• _THE TASK_:
Word for word, restate the entries below and exclude every image.

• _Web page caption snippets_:
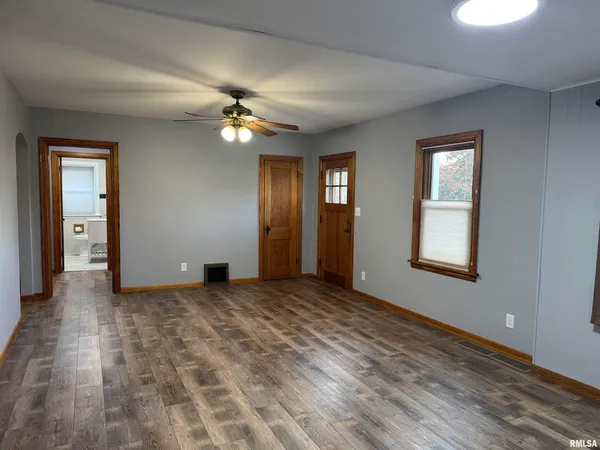 an empty room with windows and fan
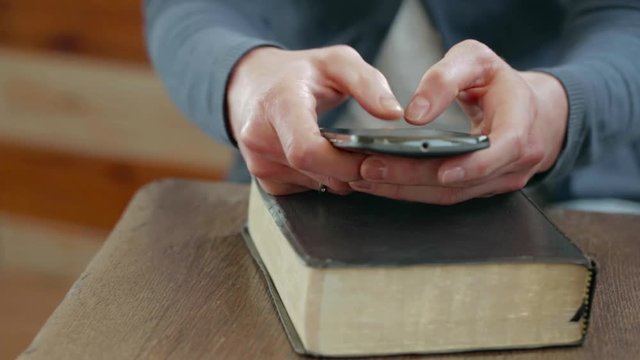 Young woman typing a text message or an e-mail on a smartphone over a Bible.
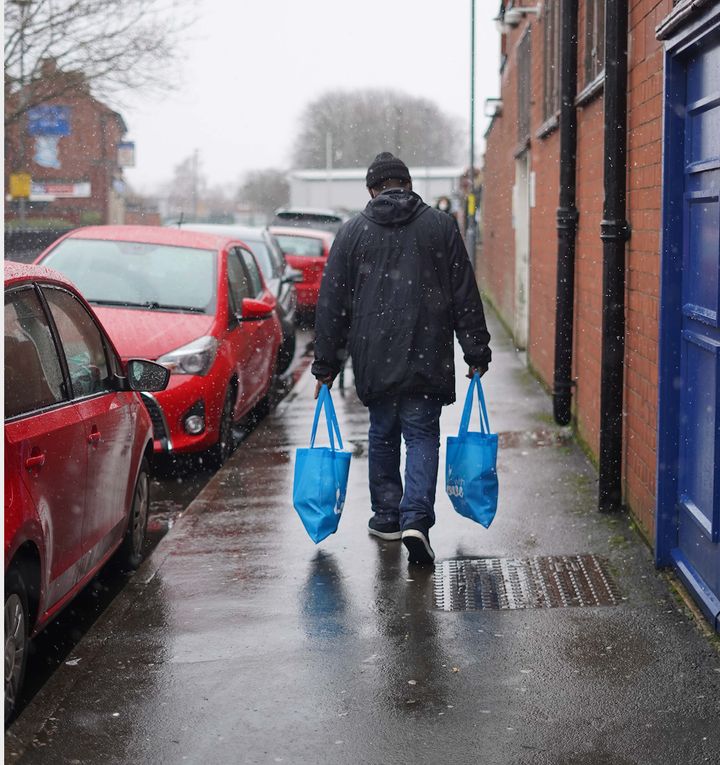 A man carrying food parcels to help those in need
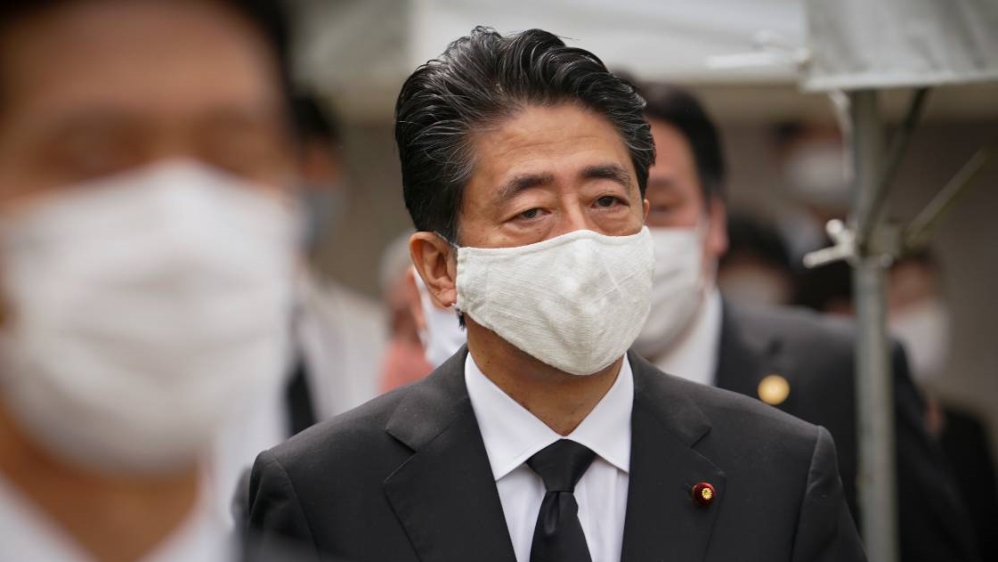 Abe says Japan will allow foreigners with residence status to enter the country from the start of next month [EPA]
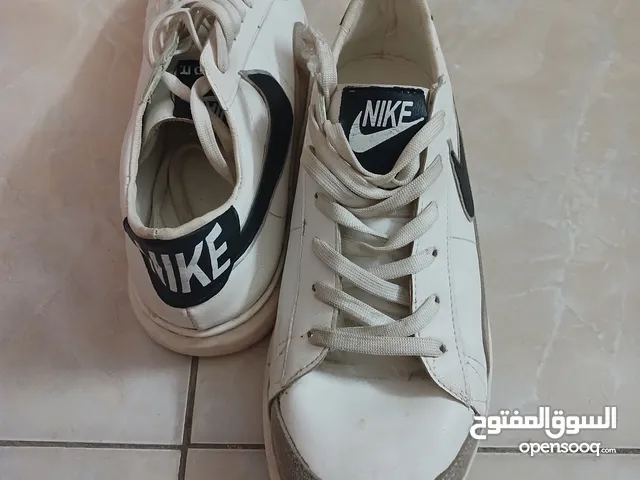 White sneakers/ كوتشي أبيض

• _PROBLEM SOLUTION_:
 an empty room with windows and fan
 Young woman typing a text message or an e-mail on a smartphone over a Bible.
 A man carrying food parcels to help those in need
 Abe says Japan will allow foreigners with residence status to enter the country from the start of next month [EPA]
 White sneakers/ كوتشي أبيض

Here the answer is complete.